DIRECTIONS FOR THIS TASK:
Exclude images, then output the remaining data verbatim.

######

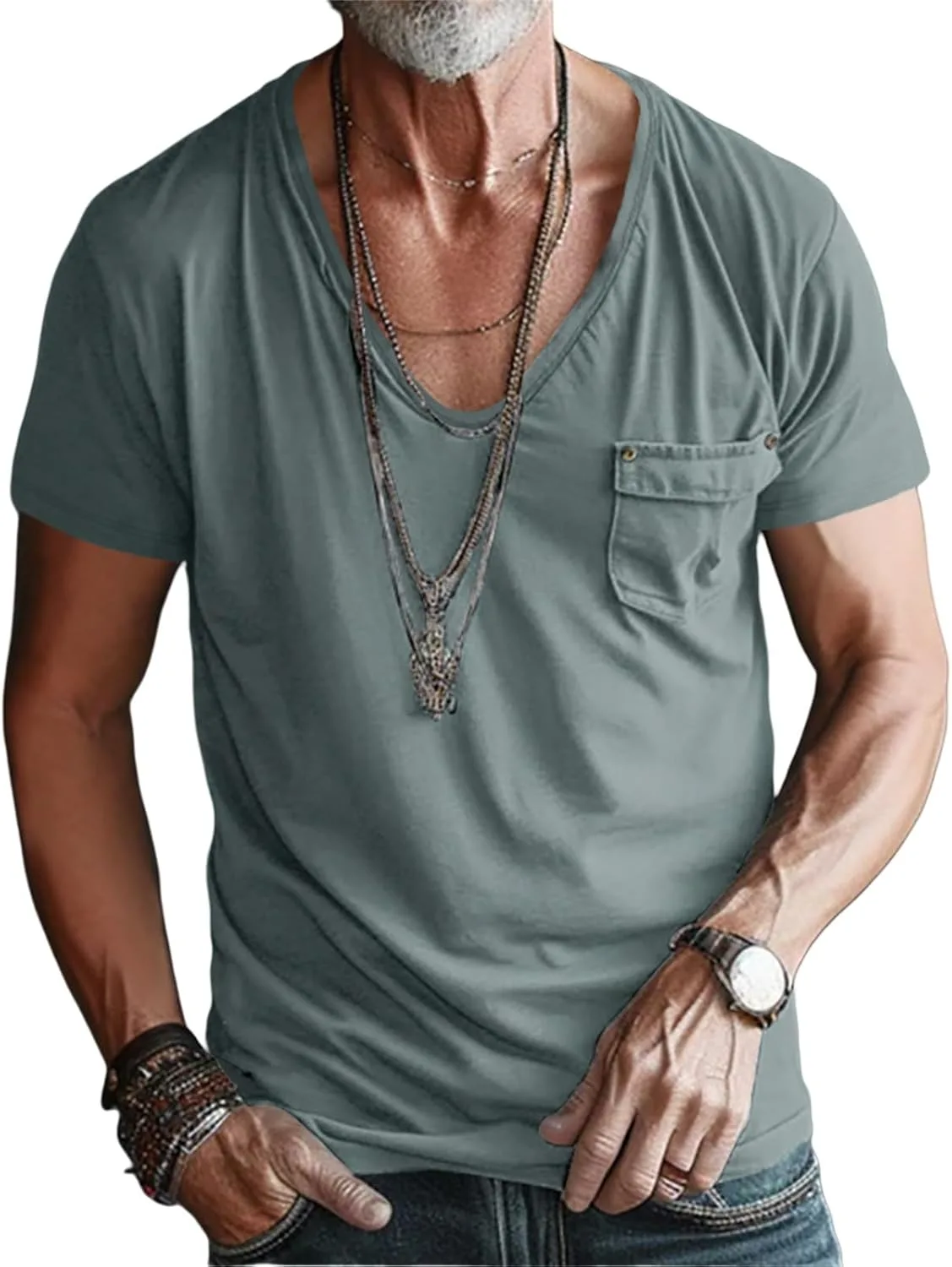 

Мужская футболка с V-образным вырезом и коротким рукавом CHXLQQX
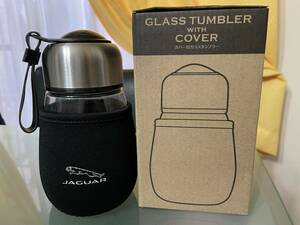 [2230.JAGUAR Jaguar GLASSTUMBLER WITH COVER с чехлом стекло высокий стакан не использовался новый товар ]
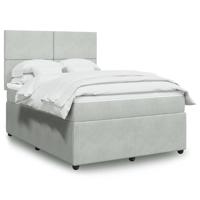 Boxspring met matras fluweel lichtgrijs 140x200 cm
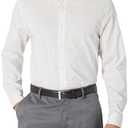  Essentials Men's Slim Fit Long Sleeve Wrinkle Resistant Stretch Dress Shirt Pack of 3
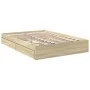 Sonoma oak engineered wood bed with drawers 140x200 cm by vidaXL, Beds and slatted bases - Ref: Foro24-3280659, Price: 165,89...
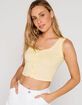 IVY & MAIN Pointelle Button Front Womens Yellow Tank image number 1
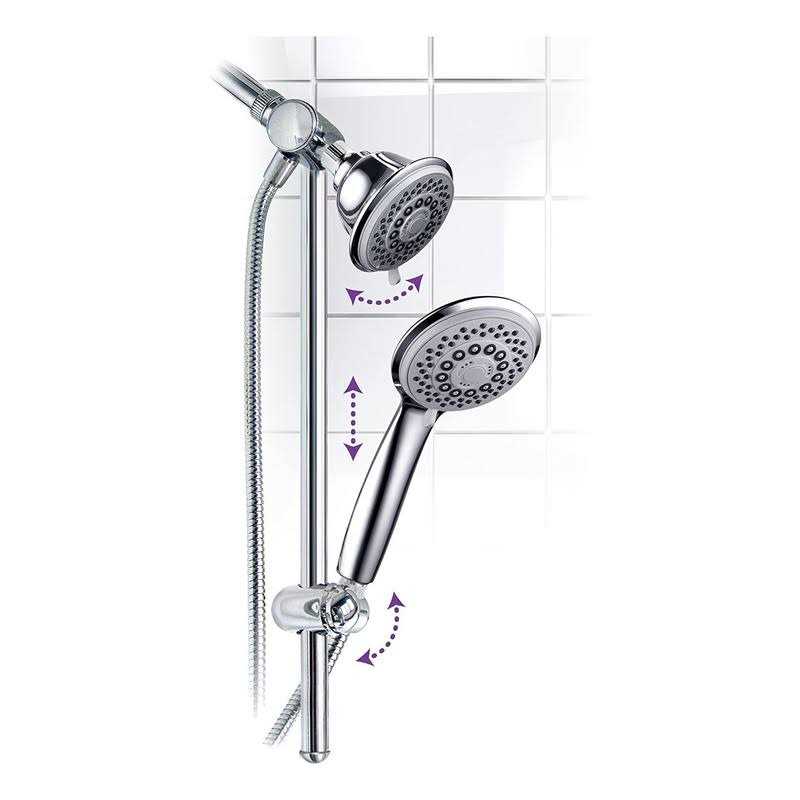Hotelspa Insta mount Stainless Steel Height/Angle Adjustable Shower Slide Bar - Zenithce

######

RESPONSE:
Мужская футболка с V-образным вырезом и коротким рукавом CHXLQQX
 [2230.JAGUAR Jaguar GLASSTUMBLER WITH COVER с чехлом стекло высокий стакан не использовался новый товар ]
 Boxspring met matras fluweel lichtgrijs 140x200 cm
  Essentials Men's Slim Fit Long Sleeve Wrinkle Resistant Stretch Dress Shirt Pack of 3
 Sonoma oak engineered wood bed with drawers 140x200 cm by vidaXL, Beds and slatted bases - Ref: Foro24-3280659, Price: 165,89...
 IVY & MAIN Pointelle Button Front Womens Yellow Tank image number 1
Hotelspa Insta mount Stainless Steel Height/Angle Adjustable Shower Slide Bar - Zenithce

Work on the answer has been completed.